Query Type	0.7.4 baseline (ef_search=40)	0.7.4 (ef_search=200))	0.8.0 best config	Best configuration	Improvement
A	123.3 ms	394.1 ms	13.1 ms	ef_search=40, relaxed_order	9.4x faster
B	104.2 ms	341.4 ms	83.5 ms	ef_search=200, relaxed_order	1.25x faster
C	128.5 ms	333.4 ms	85.7 ms	ef_search=200, relaxed_order	1.5x faster
D	127.4 ms	318.6 ms	70.7 ms	ef_search=200, relaxed_order	1.8x faster
E	913.4 ms	427.4 ms	160.3 ms	ef_search=200, relaxed_order	5.7x faster

The performance improvements with pgvector 0.8.0 were substantial across the different query patterns, even at this 10-million product scale. For typical ecommerce queries that search within specific categories for products matching certain criteria, runtime dropped from over 120 milliseconds with pgvector 0.7.4 to just 70 milliseconds with 0.8.0, while returning more comprehensive results.What’s particularly impressive is how pgvector 0.8.0’s improved cost estimation capabilities automatically chose more efficient execution plans. In our filtered query tests, the planner correctly estimated costs and provided more realistic assessments of vector operations complexity. As demonstrated in the “Enhanced cost estimation and query planning” section below, pgvector 0.8.0’s cost estimates (7,224.63 cost units) more accurately reflect the actual computational demands of vector operations compared to version 0.7.4 (116.84 cost units), leading to better execution plan selections and more complete result sets.
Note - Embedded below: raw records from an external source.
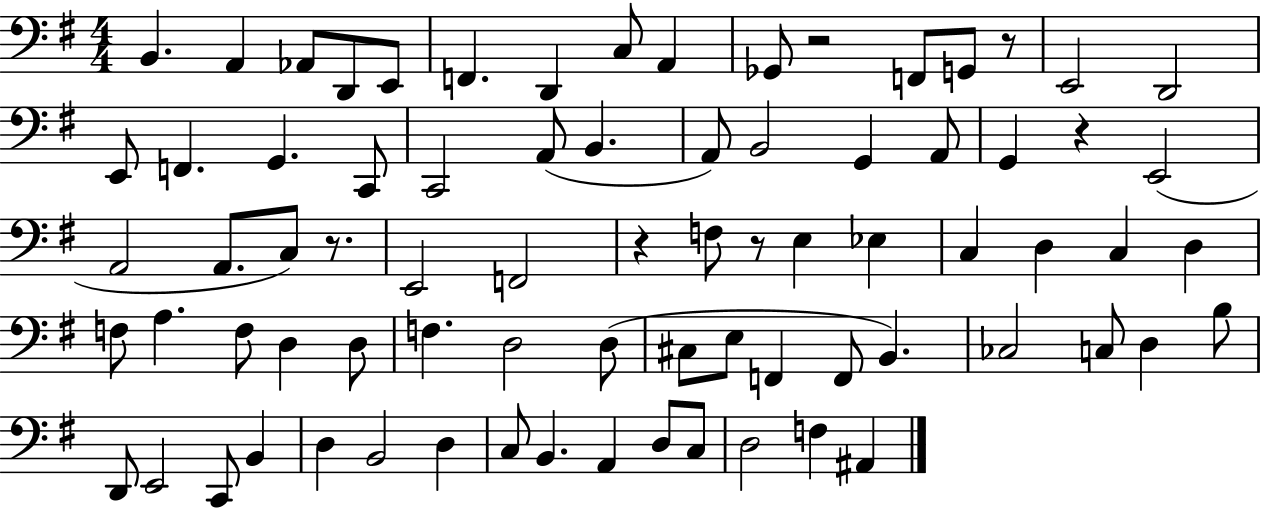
{
  \clef bass
  \numericTimeSignature
  \time 4/4
  \key g \major
  b,4. a,4 aes,8 d,8 e,8 | f,4. d,4 c8 a,4 | ges,8 r2 f,8 g,8 r8 | e,2 d,2 | \break e,8 f,4. g,4. c,8 | c,2 a,8( b,4. | a,8) b,2 g,4 a,8 | g,4 r4 e,2( | \break a,2 a,8. c8) r8. | e,2 f,2 | r4 f8 r8 e4 ees4 | c4 d4 c4 d4 | \break f8 a4. f8 d4 d8 | f4. d2 d8( | cis8 e8 f,4 f,8 b,4.) | ces2 c8 d4 b8 | \break d,8 e,2 c,8 b,4 | d4 b,2 d4 | c8 b,4. a,4 d8 c8 | d2 f4 ais,4 | \break \bar "|."
}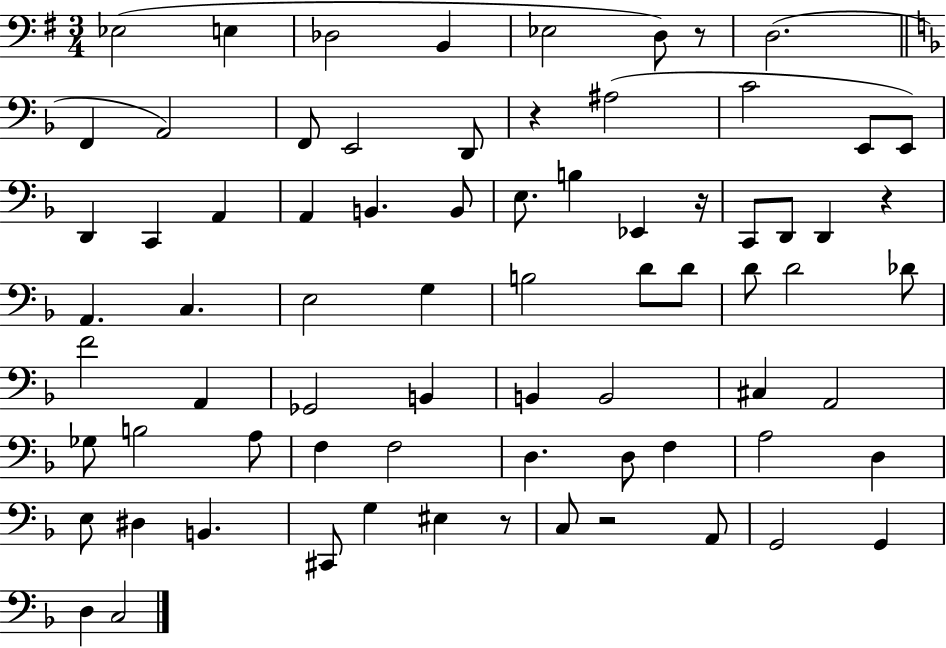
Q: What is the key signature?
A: G major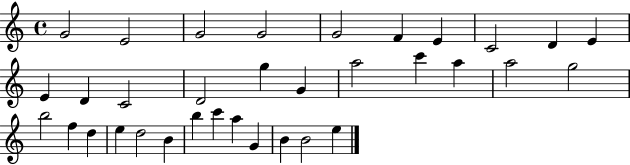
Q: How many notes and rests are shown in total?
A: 34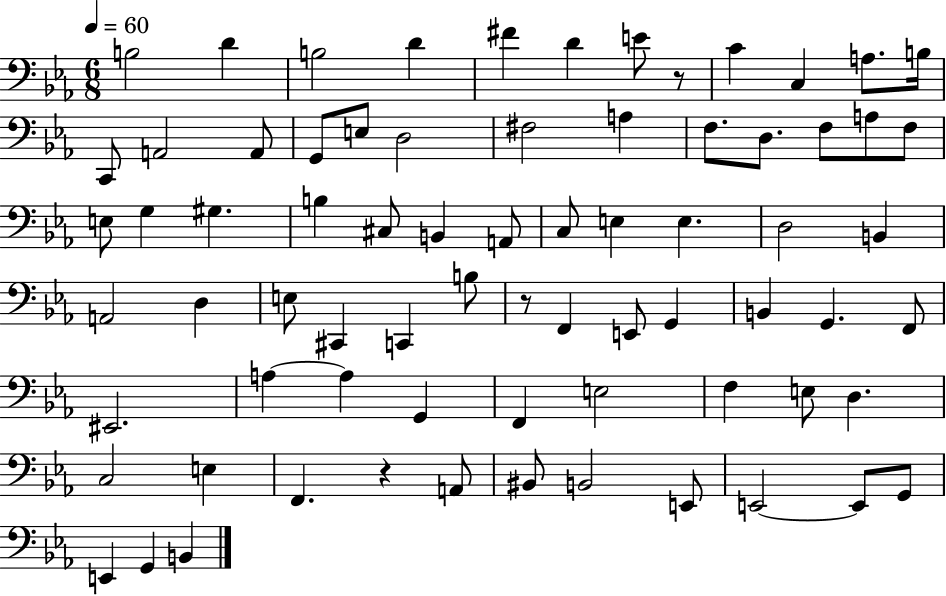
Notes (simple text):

B3/h D4/q B3/h D4/q F#4/q D4/q E4/e R/e C4/q C3/q A3/e. B3/s C2/e A2/h A2/e G2/e E3/e D3/h F#3/h A3/q F3/e. D3/e. F3/e A3/e F3/e E3/e G3/q G#3/q. B3/q C#3/e B2/q A2/e C3/e E3/q E3/q. D3/h B2/q A2/h D3/q E3/e C#2/q C2/q B3/e R/e F2/q E2/e G2/q B2/q G2/q. F2/e EIS2/h. A3/q A3/q G2/q F2/q E3/h F3/q E3/e D3/q. C3/h E3/q F2/q. R/q A2/e BIS2/e B2/h E2/e E2/h E2/e G2/e E2/q G2/q B2/q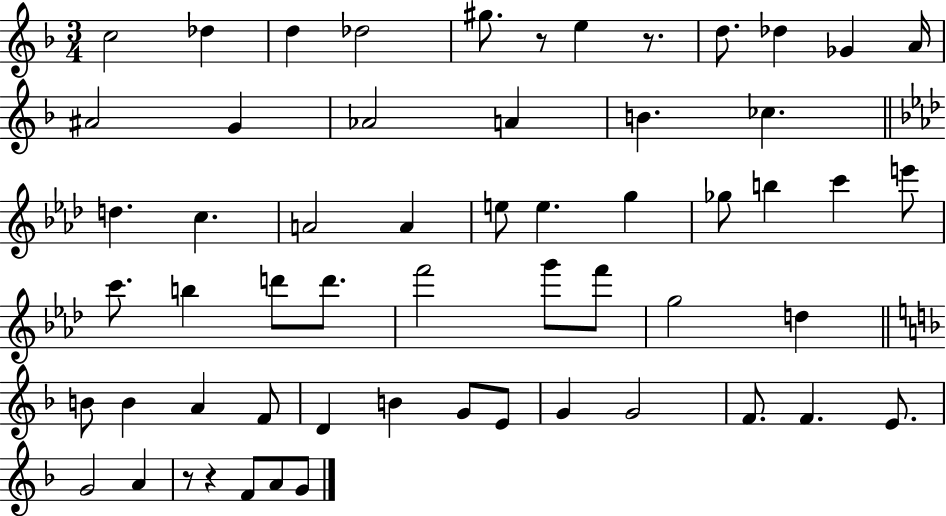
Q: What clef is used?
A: treble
Recall and result completeness enhancements

Perhaps more important than raw performance is the substantial improvement in result quality when working with millions of vectors. Our tests demonstrated significant differences in result completeness. Remember that recall means we return X out of Y expected results, with 100% being perfect recall:

Query	0.7.4 baseline (ef_search=40)	0.7.4 (ef_search=200)	0.8.0 with strict_order	0.8.0 with relaxed_order
Category-filtered search	10%	0%	100%	100%
Complex filtered search	1%	0%	100%	100%
Very large result set	5%	5%	100%	100%

For highly selective queries (products in a specific category), pgvector 0.7.4 returned only a fraction of requested results. With iterative scanning enabled in 0.8.0, we saw up to 100 times improvement in result completeness, substantially enhancing the user experience.The following is a query pattern we tested that demonstrates these improvements:

-- Enable iterative scanning (pgvector 0.8.0 only)
SET hnsw.iterative_scan = 'relaxed_order';

-- e-commerce query with multiple filters
SELECT id, title, category, embedding <=> '[query vector]'::vector AS distance
FROM products
WHERE category = 'category1'
ORDER BY distance
LIMIT 100;

Different iterative scan modes and ef_search values

We conducted a detailed comparison of different pgvector 0.8.0 configurations to understand the trade-offs between different iterative scan modes and ef_search values.

Configuration	Query A (top 10)	Query B (top 1000)	Query C (filtered)	Query D (complex)	Query E (large)
0.8.0 baseline (ef_search=40, iterative_scan=off)	19.3 ms	18.8 ms	20.0 ms	15.7 ms	99.8 ms
0.8.0 (ef_search=40, iterative_scan=strict_order)	18.1 ms	277.9 ms	197.1 ms	203.2 ms	344.0 ms
0.8.0 (ef_search=40, iterative_scan=relaxed_order)	13.1 ms	164.1 ms	150.8 ms	99.1 ms	397.9 ms
0.8.0 (ef_search=200, iterative_scan=strict_order)	28.8 ms	133.7 ms	128.5 ms	57.9 ms	207.6 ms
0.8.0 (ef_search=200, iterative_scan=relaxed_order)	30.7 ms	83.5 ms	85.7 ms	70.7 ms	160.3 ms

This detailed breakdown illustrates how different combinations affect performance across query types. For simple queries (A), a lower ef_search with relaxed_order provides the best performance. For complex filtered queries (C, D) and large result sets (B, E), higher ef_search values with relaxed_order typically offer the best balance of performance and completeness.The relaxed_order mode provides significantly better performance for most query types while still delivering complete result sets. For applications where exact distance ordering is less critical (like product recommendations), this mode offers an excellent balance of performance and results quality.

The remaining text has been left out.